> **Work to complete**: Would you output the lines from the one containing "Kia Carnival 4th" through the final line of the entries, exactly and with pictures omitted?
*** Provided records
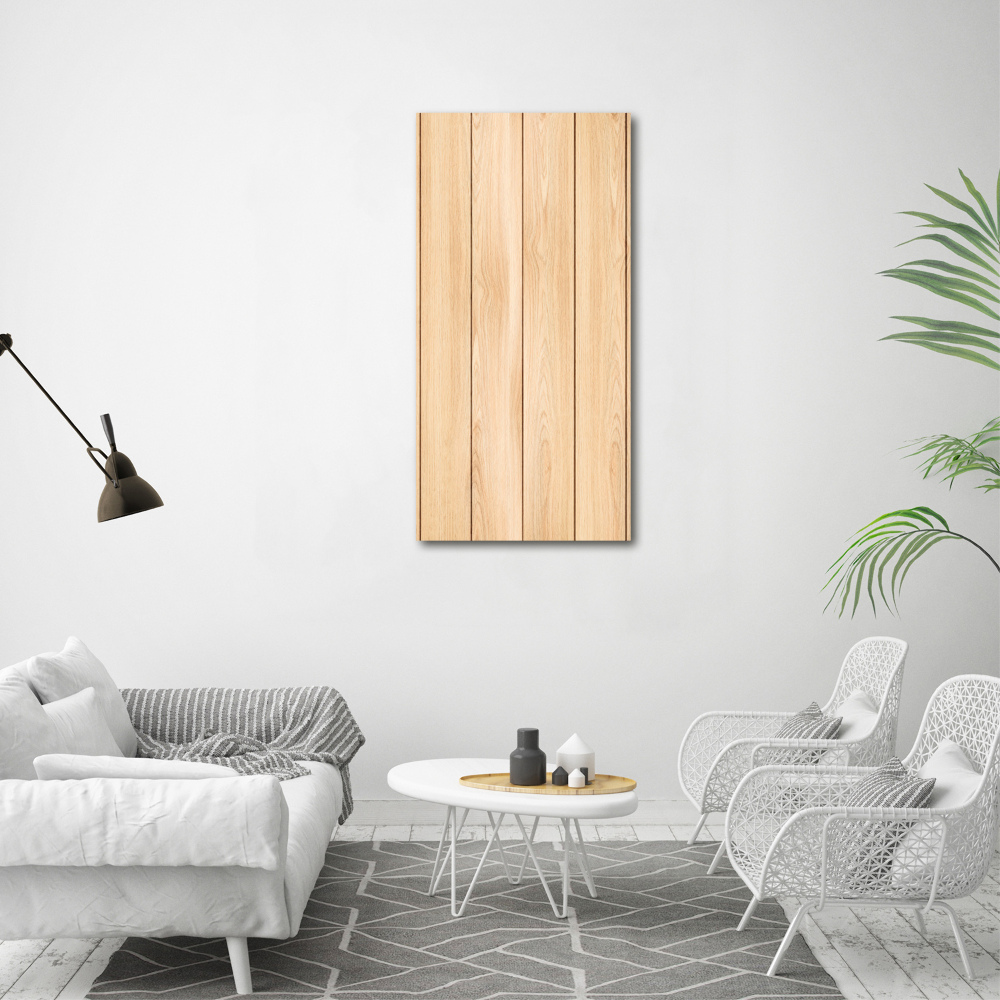 Large canvas wall art Wooden background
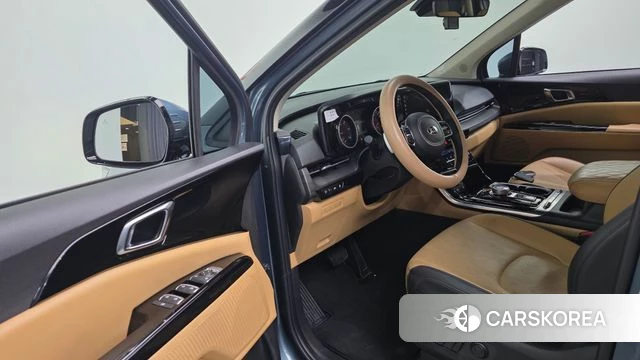 Kia Carnival 4th generation 2021 Небесно-голубой из Кореи, фото 2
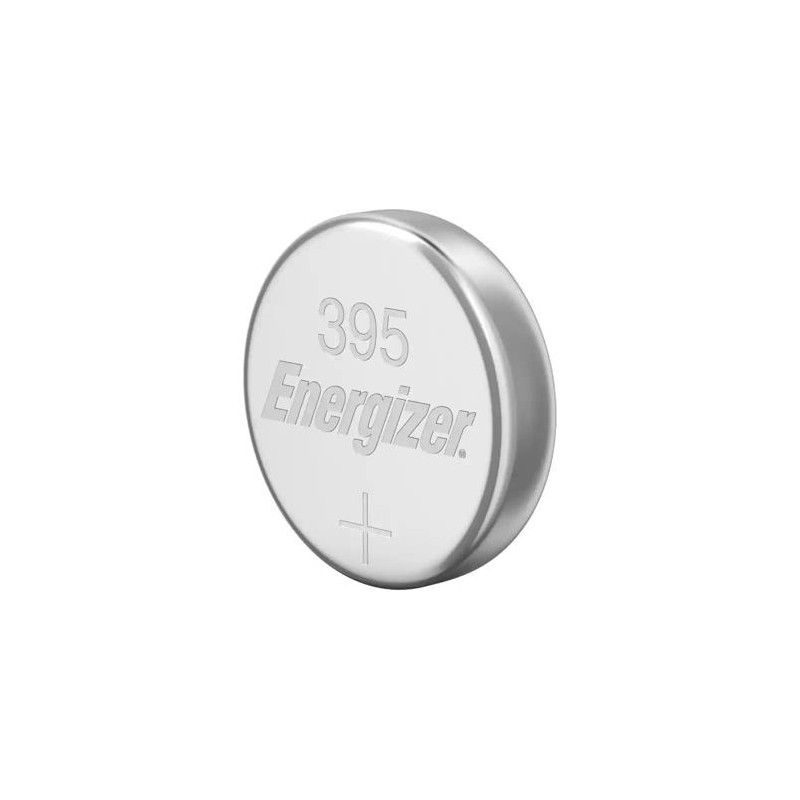 PILA ENERGIZER OXIDO DE PLATA BOTON 395 BLISTER DE 1 UNIDAD
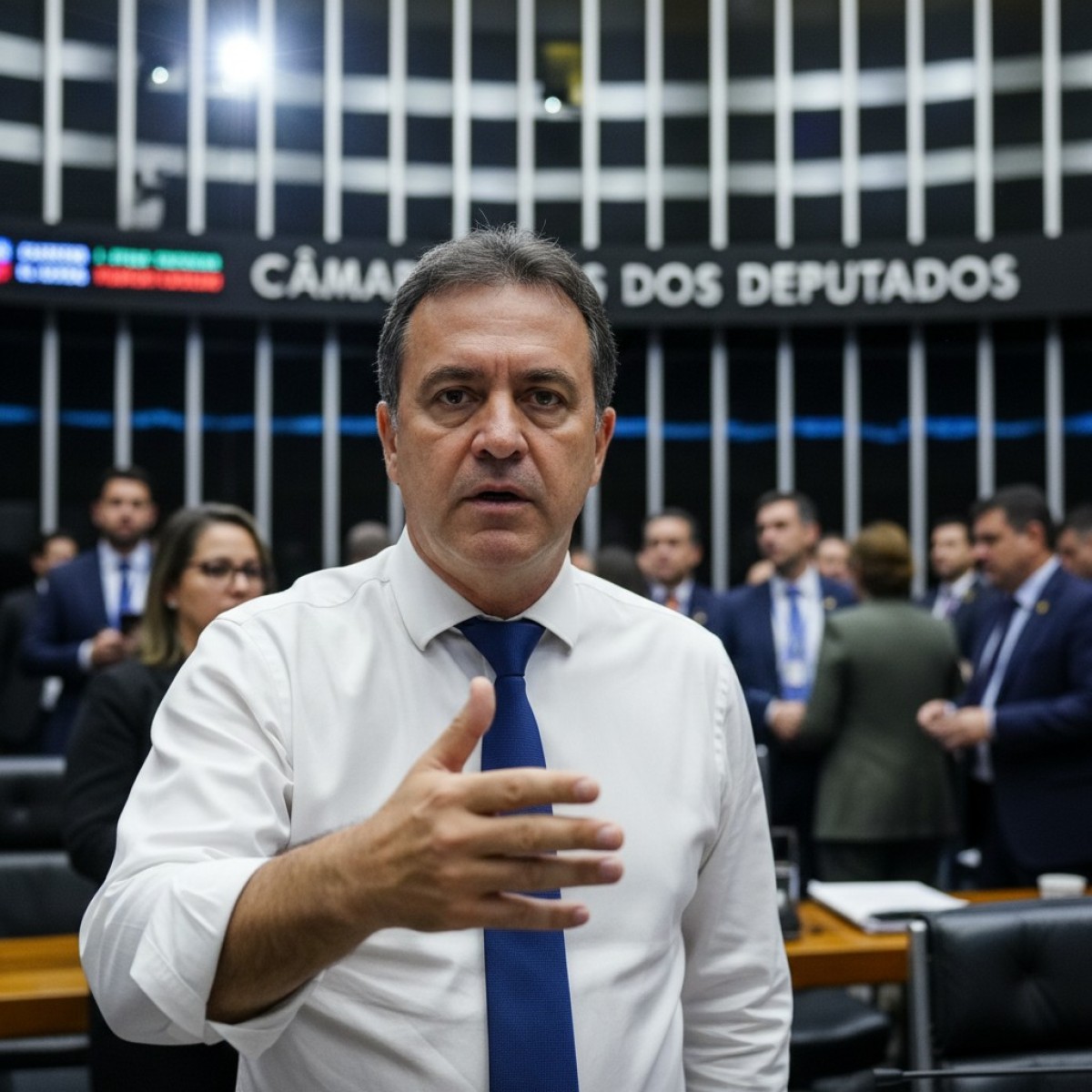 Economistas comemorando aprovação da lei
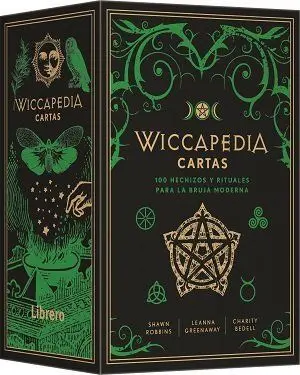 Wiccapedia Cartas 100 Hechizos y Rituales Bruja Moderna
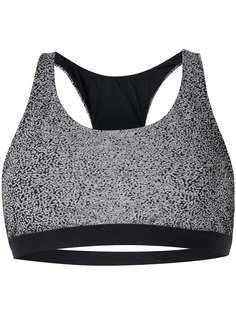 Koral Tax Power Sports Bra Scatter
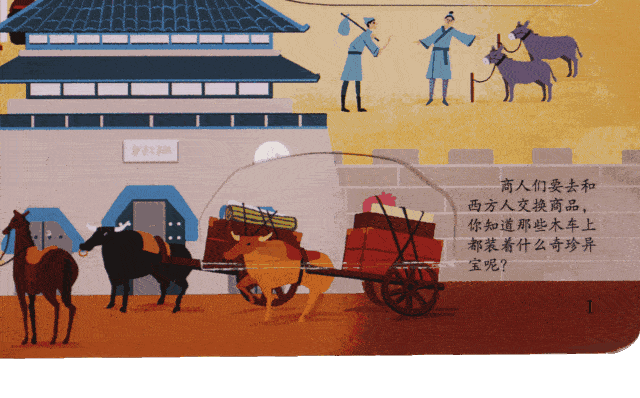 走之前,这些好东西一定要强烈推荐给你和孩子!_丝绸之路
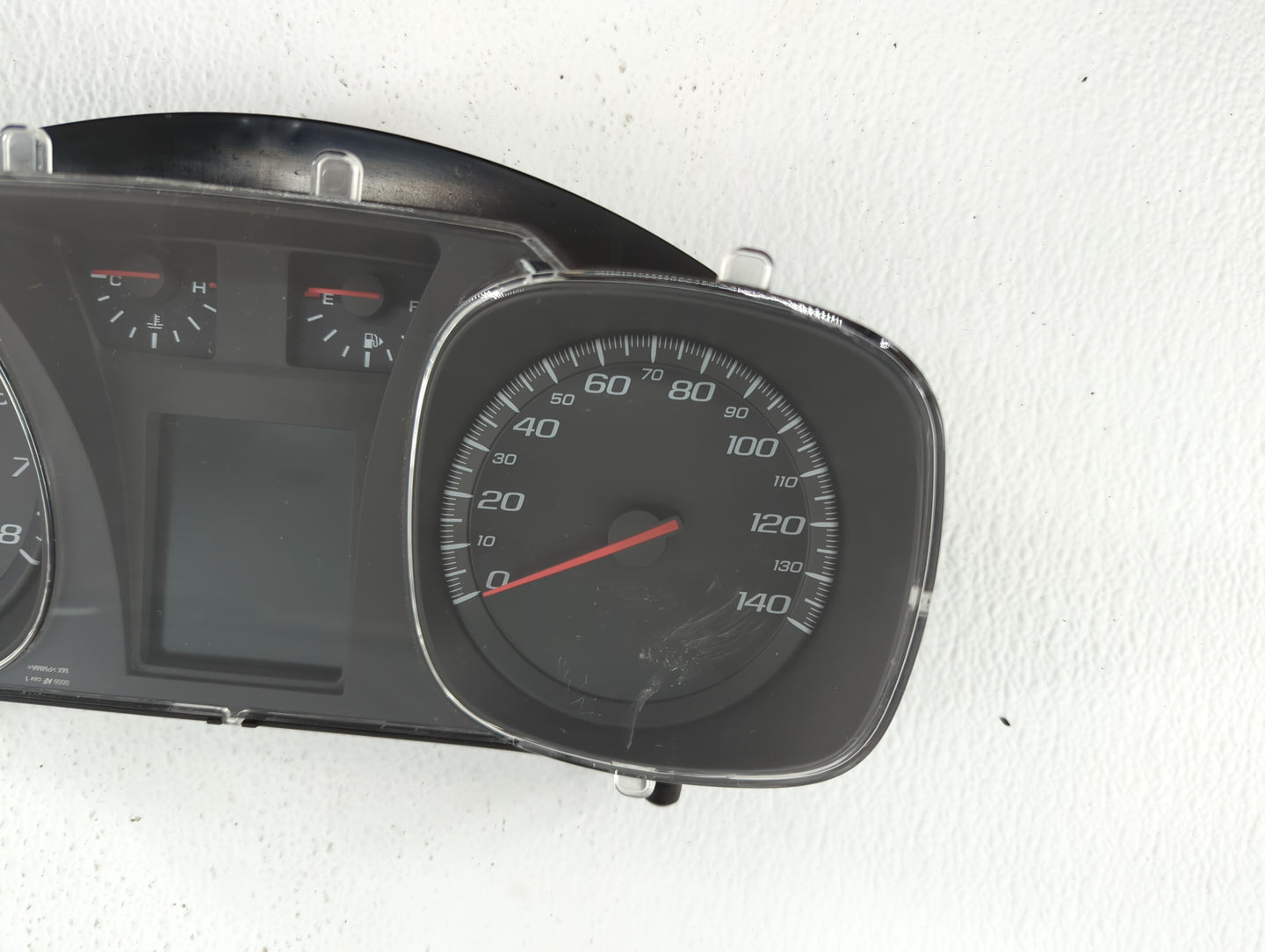 2011 Chevrolet Equinox Instrument Cluster Speedometer Gauges P/N:22783663 20978081, 20978079, 22783661 Fits OEM Used Auto Pa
******
> **Your response**:
 Kia Carnival 4th generation 2021 Небесно-голубой из Кореи, фото 2
 PILA ENERGIZER OXIDO DE PLATA BOTON 395 BLISTER DE 1 UNIDAD
 Economistas comemorando aprovação da lei
 Wiccapedia Cartas 100 Hechizos y Rituales Bruja Moderna
 Koral Tax Power Sports Bra Scatter
 走之前,这些好东西一定要强烈推荐给你和孩子!_丝绸之路
 2011 Chevrolet Equinox Instrument Cluster Speedometer Gauges P/N:22783663 20978081, 20978079, 22783661 Fits OEM Used Auto Pa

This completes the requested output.